NTTジャパンラグビー リーグワン2023-24 ディビジョン3 第2節
2023年12月23日(土)13:00 Balcom BMW Stadium (広島県)
中国電力レッドレグリオンズ vs 清水建設江東ブルーシャークス

中国電力レッドレグリオンズ(D3)

エドワード・カークが初めて子どもたちに見せる試合
「最高の瞬間になる」

中国電力レッドレグリオンズのエドワード・カーク選手。今月から奥様が子ども3人を連れて来日中で「家族がいてくれるのは僕にとって最高の瞬間になる」

中国電力レッドレグリオンズ(以下、中国RR)は12月23日に今季の開幕を迎える。エドワード・カークは、加入3シーズン目に向けて「チームは最大限の準備をしているし、みんなが奮い立っている」とキックオフを心待ちにしている。

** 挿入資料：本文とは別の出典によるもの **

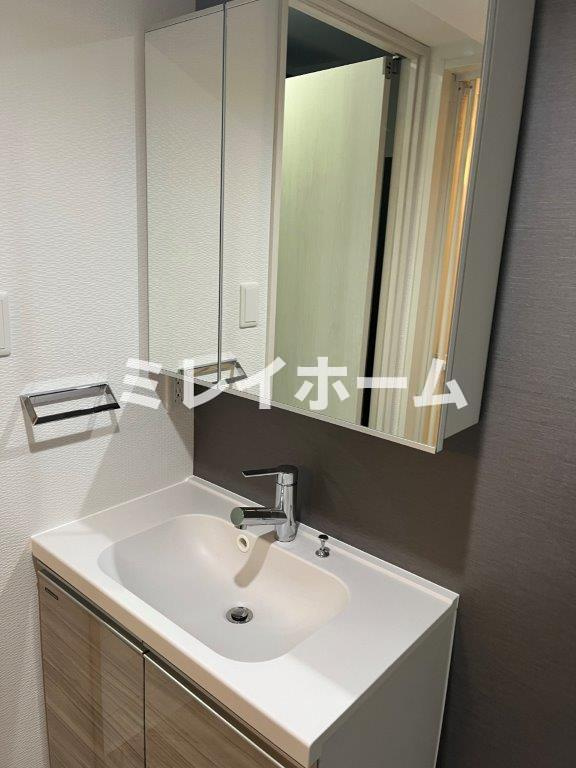 LiveFlat不動前の洗面所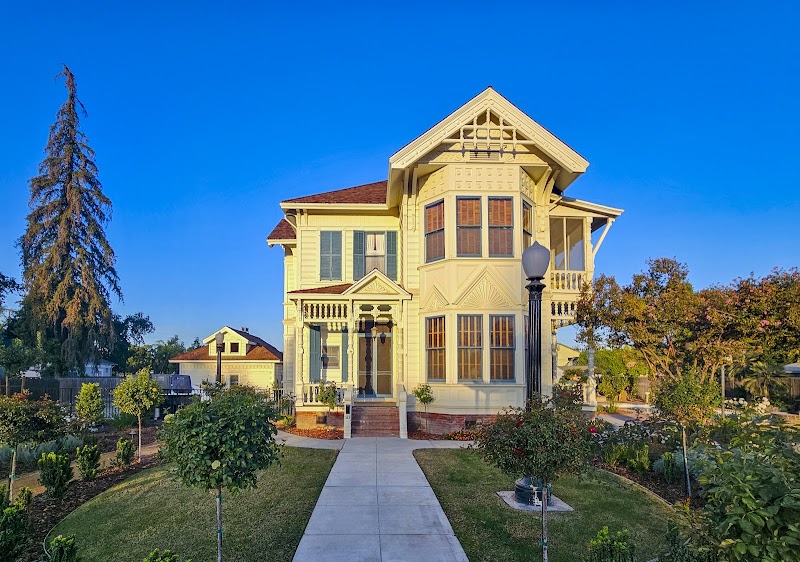 JD Hyde Historic Inn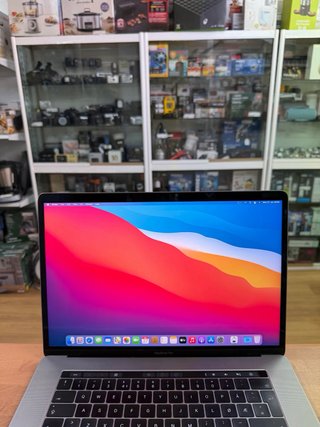 MacBook Pro 2017 15” i7 16GB RAM 256GB SSD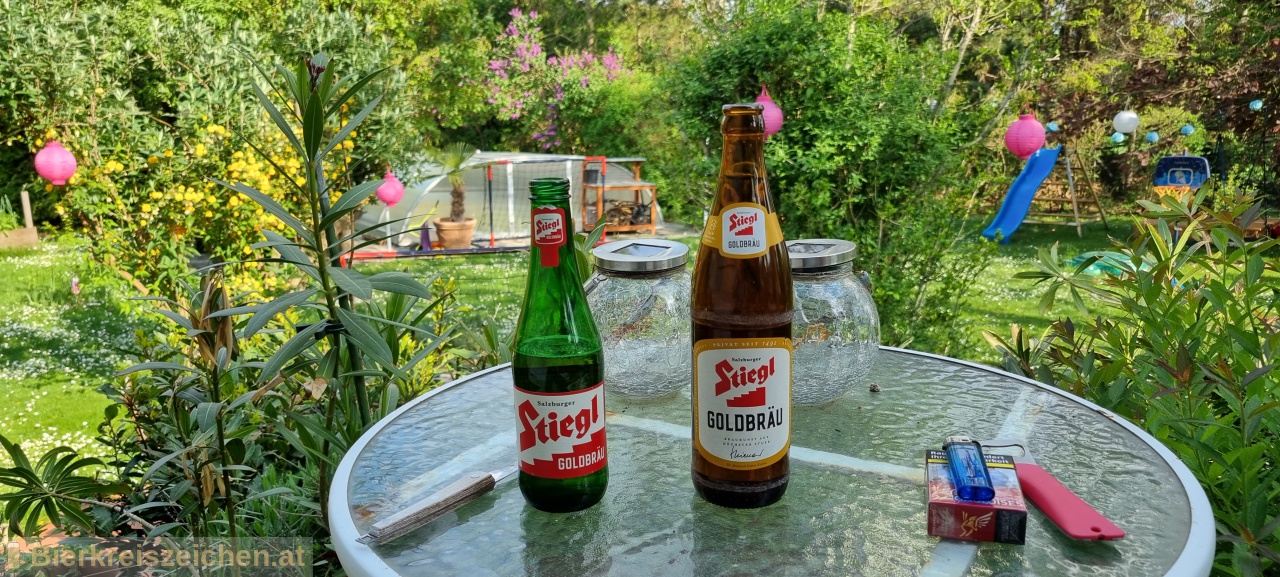 Foto eines Bieres der Marke Stiegl Goldbru aus der Brauerei Stieglbrauerei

今季も中国RR唯一のプロ選手であるエドワード・カークは、熱いプレーで仲間を引っ張るだけではなく、社員選手中心のチームに経験を還元し、プロ意識を植え付けてきた。「選手たちは昨季より熱心にラグビーに取り組んでいて、よりプロフェッショナルになってきた。若い選手たちもチームに新たなエナジーをもたらしてくれている」とチームの成長を実感している。

そんなカークの新シーズンは特別な試合とともに幕を開ける。今月から奥様が子ども3人を連れて来日中で、この開幕戦がエドワード・カークにとって初めて自身の子どもたちの前でプレーする試合になるのだ。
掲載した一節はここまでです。